- **What the exercise asks**: Retype every line from the one containing "madu hutan/ liar asli non campur 100%" through the last line of the records below, both included; leave out the pictures.

- **Captioned web images**:

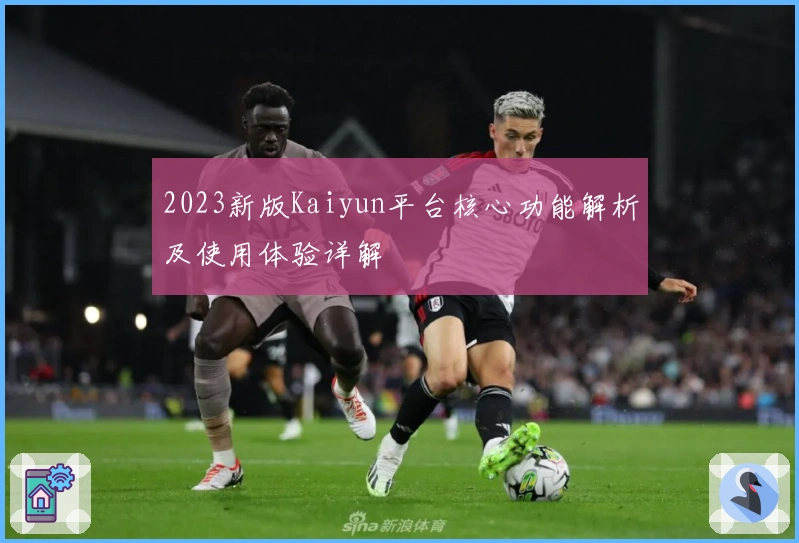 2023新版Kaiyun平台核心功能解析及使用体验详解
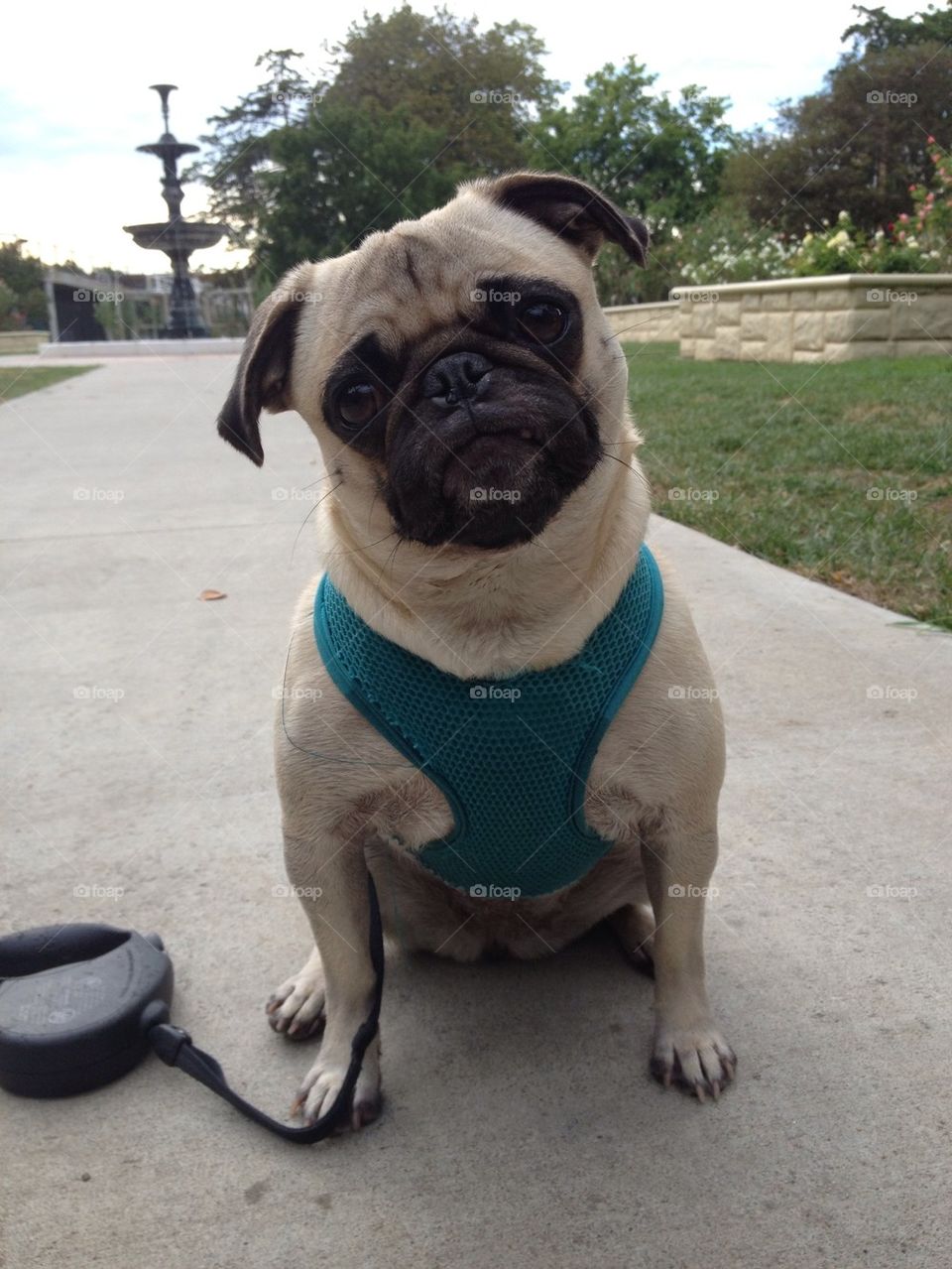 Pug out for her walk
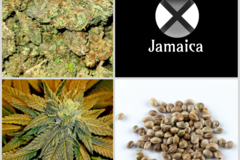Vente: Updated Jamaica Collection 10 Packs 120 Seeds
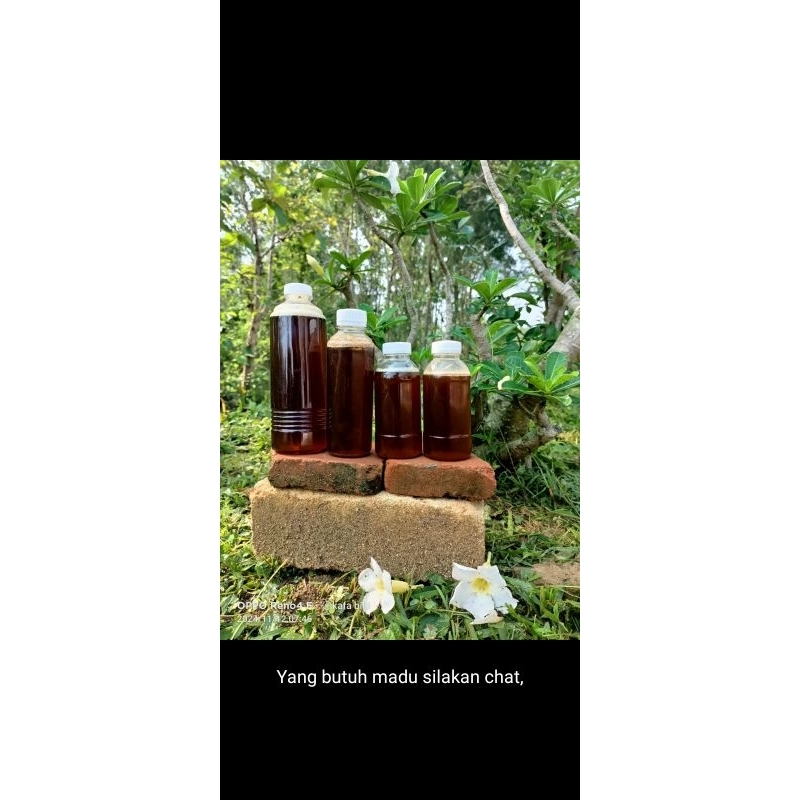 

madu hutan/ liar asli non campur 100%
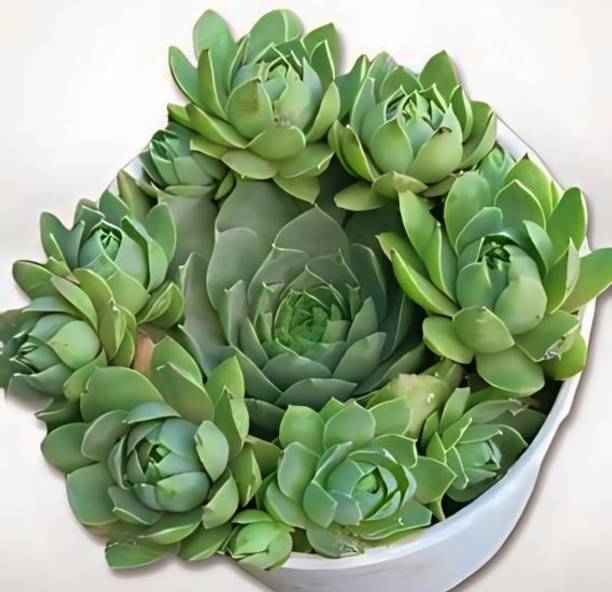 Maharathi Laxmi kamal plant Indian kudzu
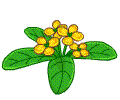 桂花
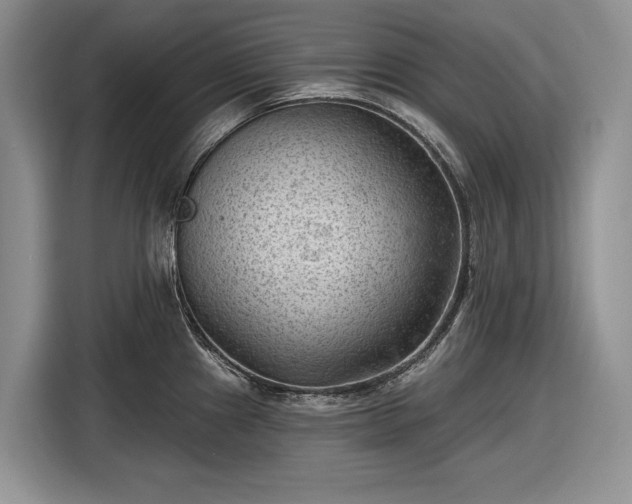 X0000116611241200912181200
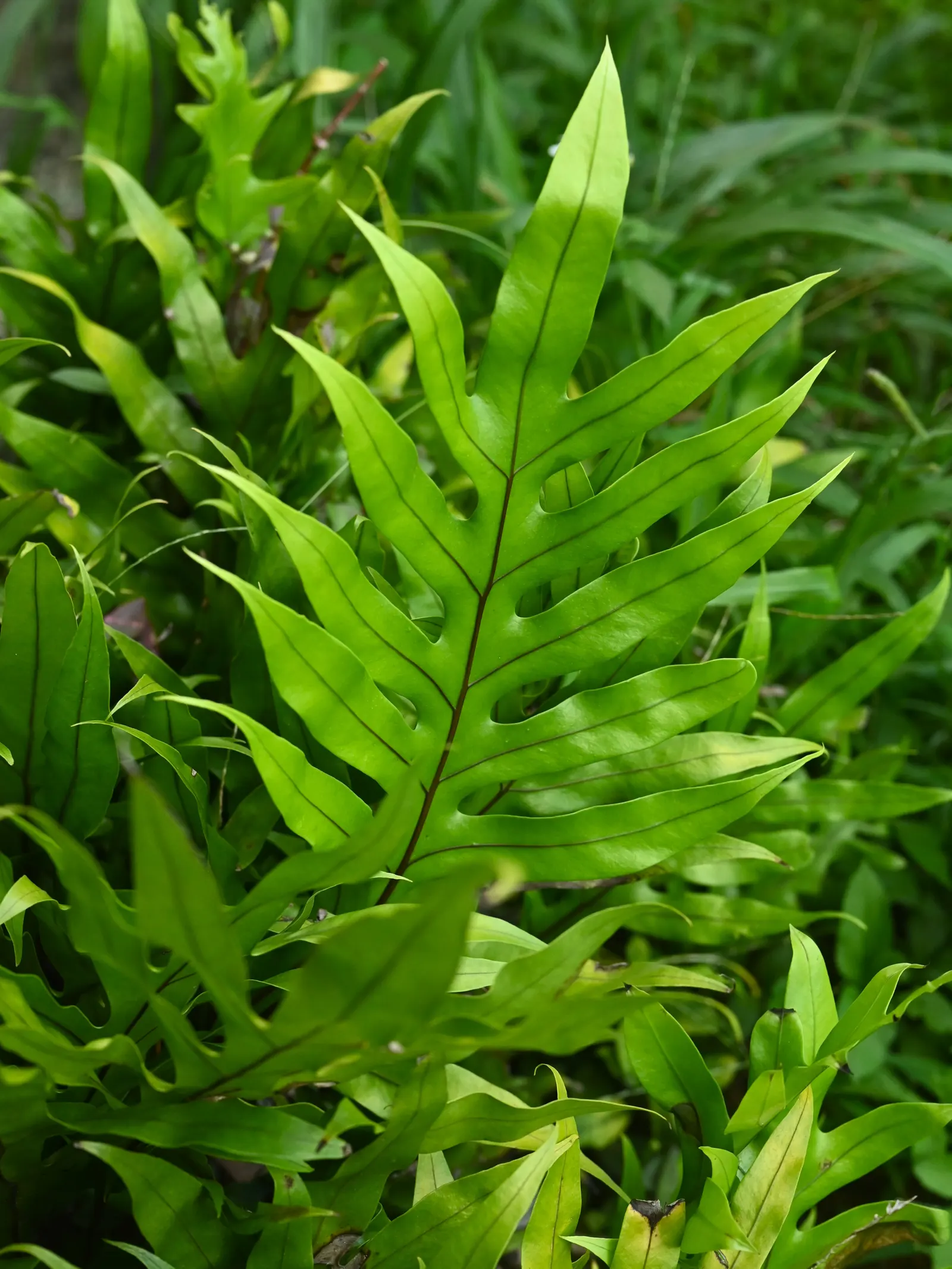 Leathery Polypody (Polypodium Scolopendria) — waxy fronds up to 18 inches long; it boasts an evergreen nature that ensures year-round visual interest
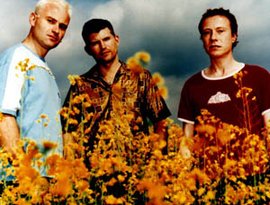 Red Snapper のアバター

- **Answer box**:
madu hutan/ liar asli non campur 100%
 Maharathi Laxmi kamal plant Indian kudzu
 桂花
 X0000116611241200912181200
 Leathery Polypody (Polypodium Scolopendria) — waxy fronds up to 18 inches long; it boasts an evergreen nature that ensures year-round visual interest
 Red Snapper のアバター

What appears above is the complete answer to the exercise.